Je commencerai ici par rappeler que ce n’est un secret pour personne que la situation sécuritaire est fortement dégradée dans la région de Diffa du fait de l’activisme de la secte terroriste Boko Haram. En effet, et vous le savez déjà, c’est à partir de Février 2015 que cette secte, après une série d’actions audacieuses à succès au Nigéria, a fini par engager des attaques directes et puissantes contre notre pays, notamment à Bosso et à Diffa. Ces attaques ayant toutes été repoussées, la secte a changé de stratégie en procédant par des attentats-suicides et des incursions dans les villages en bordure de la Komadougou et du Lac Tchad se soldant souvent par des massacres ou des incendies à grande échelle.
Ceci a eu pour conséquences des déplacements importants de populations qui ont dû quitter leurs lieux de résidence habituelle pour aller vers des endroits réputés plus sûrs ; la restriction des mouvements des personnes et des biens ; la perturbation des circuits de production et de commercialisation des produits agricoles en particulier le poivron, le poisson et le bétail. Actuellement, du fait de la forte pression exercée par nos Forces de Défense et de Sécurité en partenariat avec celles de nos voisins, l’activisme de Boko Haram s’est réduit à quelques apparitions le long de la Komadougou pour piller des stocks d’aliments ou de médicaments dans nos formations sanitaires, ou pour des règlements de compte. Cette secte est actuellement si affaiblie que certains de ses combattants font défection et viennent intégrer les rangs des repentis que nous sommes en train d’accueillir.
En tout état de cause, on peut dire qu’en matière de sécurité, le plus difficile est derrière nous et qu’il reste à consolider et à pérenniser la paix, ce qui est du reste la priorité de nos actions actuelles.
Quelles sont les actions conduites en faveur des populations réfugiées et déplacées dans votre Région?

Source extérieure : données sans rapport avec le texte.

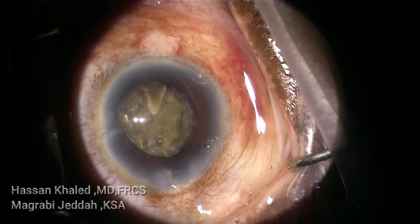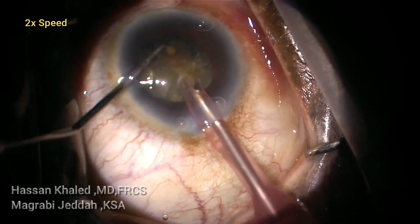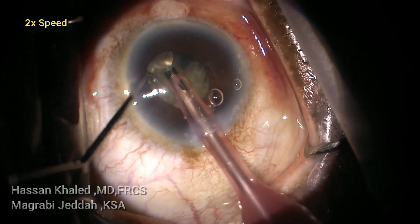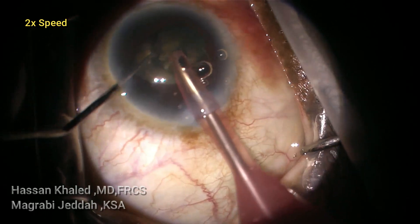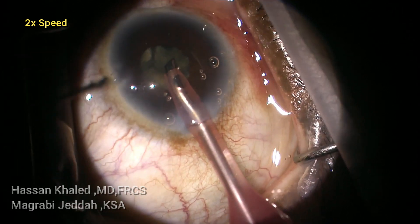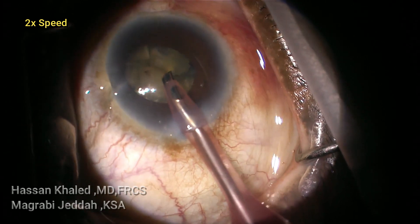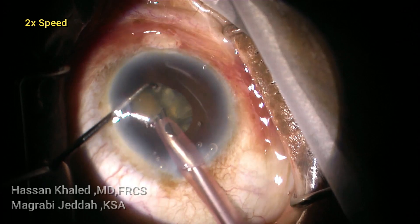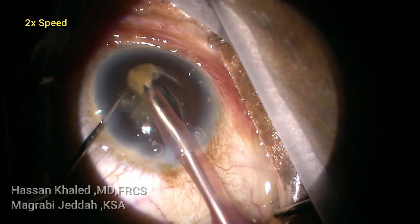Now you can see the pupil constricting, so I inject dispersive OVD to dilate the pupil. Then I change the sharp-pointed chopper into another chopper with a blunt tip and emulsify these smaller pieces. But the pupil constricts throughout the surgery. Here the second time I inject dispersive OVD to dilate the pupil, then rotate the nucleus trying to emulsify these smaller pieces.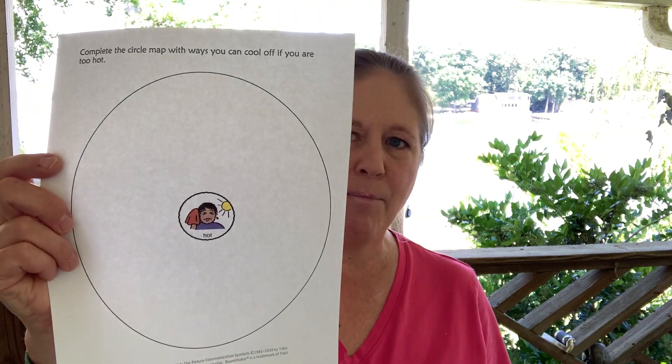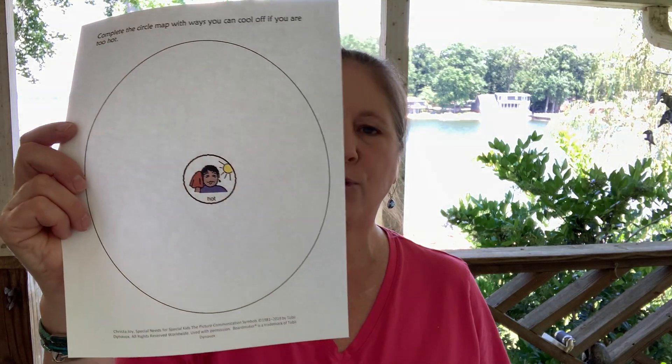Hi, this is Krista Joy with Special Needs for Special Kids, here with another edition of Free Worksheet Wednesday. This week, students are going to do a circle map about ways to cool off when it's hot. It is super hot this summer here down south.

Il est difficile de distinguer ce qui a été fait au seul profit des réfugiés et déplacés, car toutes les populations sont imbriquées et vivent les mêmes difficultés. Ainsi, tout ce qui a été cité plus haut, l’a été aussi bien au bénéfice des réfugiés et déplacés que des autres catégories de la population. Néanmoins, on peut dire que l’assistance apportée a été focalisée sur deux axes principaux à savoir l’assistance d’urgence aux personnes les plus affectées par la crise sécuritaire et les autres activités conditionnelles destinées à produire ou consolider les moyens d’existence de la première génération des déplacés et les autres catégories de vulnérables.

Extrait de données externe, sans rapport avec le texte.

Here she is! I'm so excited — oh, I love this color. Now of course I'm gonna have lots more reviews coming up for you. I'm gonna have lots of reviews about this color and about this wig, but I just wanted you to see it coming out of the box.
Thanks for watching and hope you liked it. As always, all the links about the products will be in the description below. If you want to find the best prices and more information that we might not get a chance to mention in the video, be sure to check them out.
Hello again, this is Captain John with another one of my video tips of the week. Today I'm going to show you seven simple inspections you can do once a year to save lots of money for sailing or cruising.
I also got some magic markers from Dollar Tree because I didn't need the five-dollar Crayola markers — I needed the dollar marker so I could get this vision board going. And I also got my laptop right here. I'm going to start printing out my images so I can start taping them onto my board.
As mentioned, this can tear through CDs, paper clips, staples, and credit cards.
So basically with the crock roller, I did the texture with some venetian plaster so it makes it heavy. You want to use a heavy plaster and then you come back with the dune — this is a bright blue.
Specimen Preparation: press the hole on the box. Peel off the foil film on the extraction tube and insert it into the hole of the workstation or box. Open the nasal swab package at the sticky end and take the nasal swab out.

Ainsi, pour faire la part des choses, au cours de cette dernière année, et dans le cadre de la réponse humanitaire, l’Etat et la communauté humanitaire ont mobilisé et injecté plus de 70. 000 tonnes de vivres, et environ 14 milliards de FCFA en cash et sous d’autres formes au profit de ces personnes. A ce stade, on retiendra le nombre 537. 211 personnes assistées d’une façon ou d’une autre. Cette assistance a porté sur l’hygiène et l’assainissement avec la réalisation de 2596 latrines ; la fourniture d’abris et de biens non alimentaires pour environ 30 000 ménages ; la prise en charge nutritionnelle de 19 335 enfants et 17 167 femmes enceintes et femmes allaitantes dans le CRENAM, et 2 180 mères accompagnatrices dans le CRENI; la vaccination de 112 725 enfants de 0 à 5 ans contre la rougeole et de 257 673 autres contre la polio ; la relocalisation de 242 écoles dont 238 du primaire sur des sites d’accueil ou des sites spontanés pour un effectif global de 44,411 dont 43 666 du primaire. Des actions du paquet-protection ont également été conduites, notamment la création de 138 dispositifs d’appui psychosocial pour 97 454 enfants; la prise en charge globale de 1047 victimes de séparation familiale; la formation et assistance de 130 familles d’accueil pour la prise en charge des enfants séparés et enfants non accompagnés; l’attribution, à 577 enfants, des kits de base pour enfants séparés et enfants non accompagnés ; et la délivrance d’actes de naissance à 1082 enfants nés au Niger.